WHAT THIS TASK INVOLVES:
Repeat each line of the material below exactly as it appears, minus any pictures.
━━━ RAW DATA
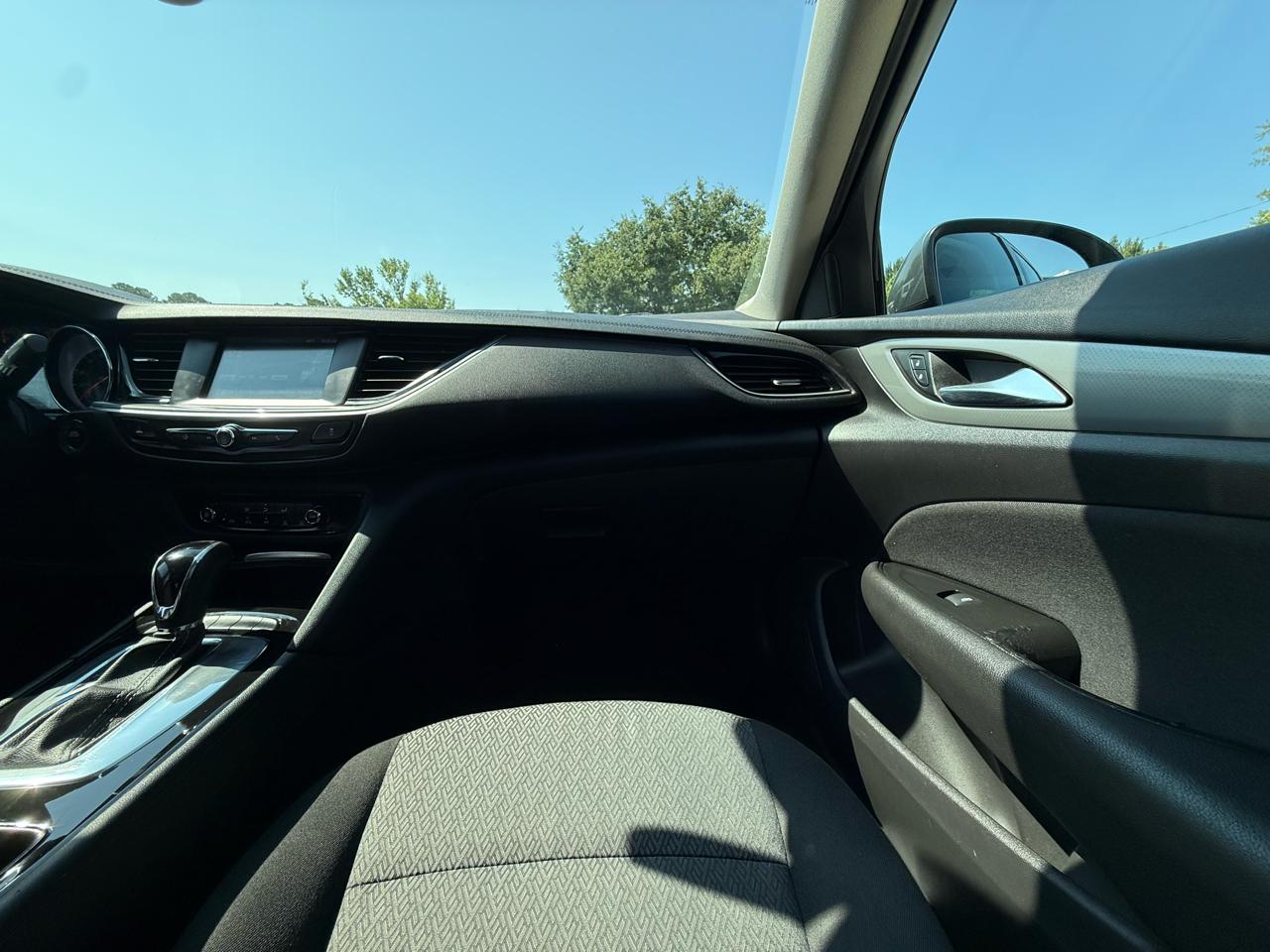 Buick Regal Sportback 4dr Sdn Preferred FWD 2018
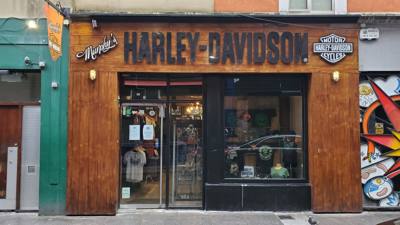 Of course we had to stop by the Harley-Davidson shop lol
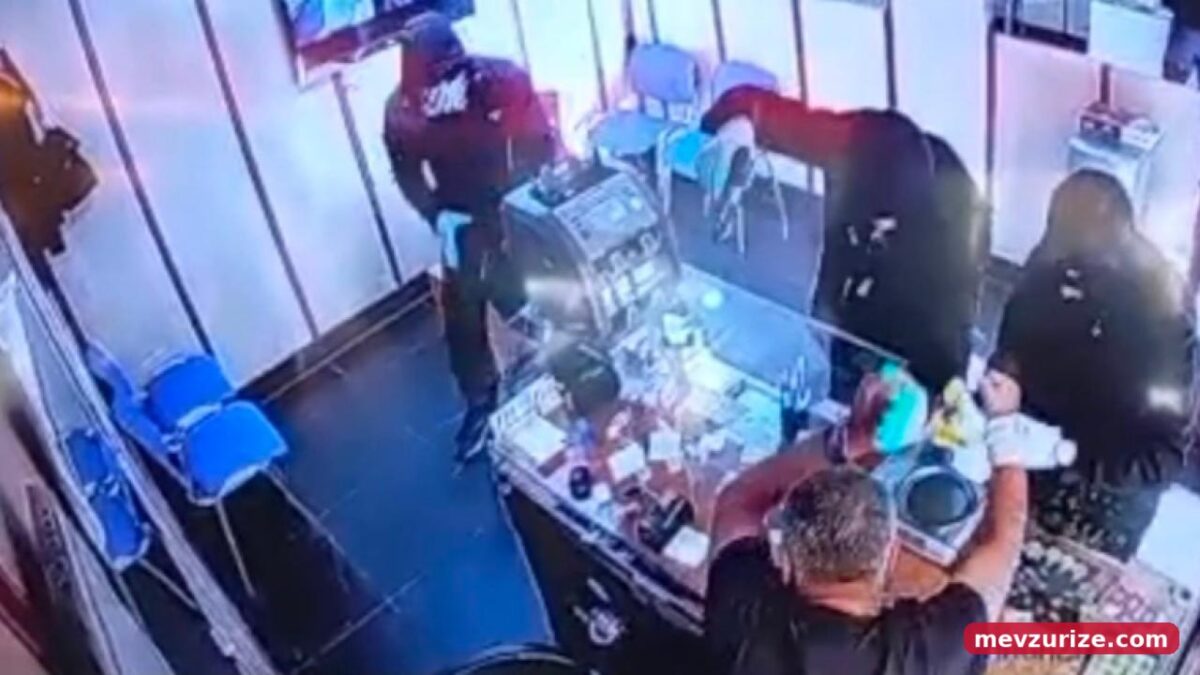 Silahlı ve Biber Gazlı Kuyumcu Soygunu: 5.6 Milyon TL'lik Altın Çaldılar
━━━━━━
SOLUTION:
 Buick Regal Sportback 4dr Sdn Preferred FWD 2018
 Of course we had to stop by the Harley-Davidson shop lol
 Silahlı ve Biber Gazlı Kuyumcu Soygunu: 5.6 Milyon TL'lik Altın Çaldılar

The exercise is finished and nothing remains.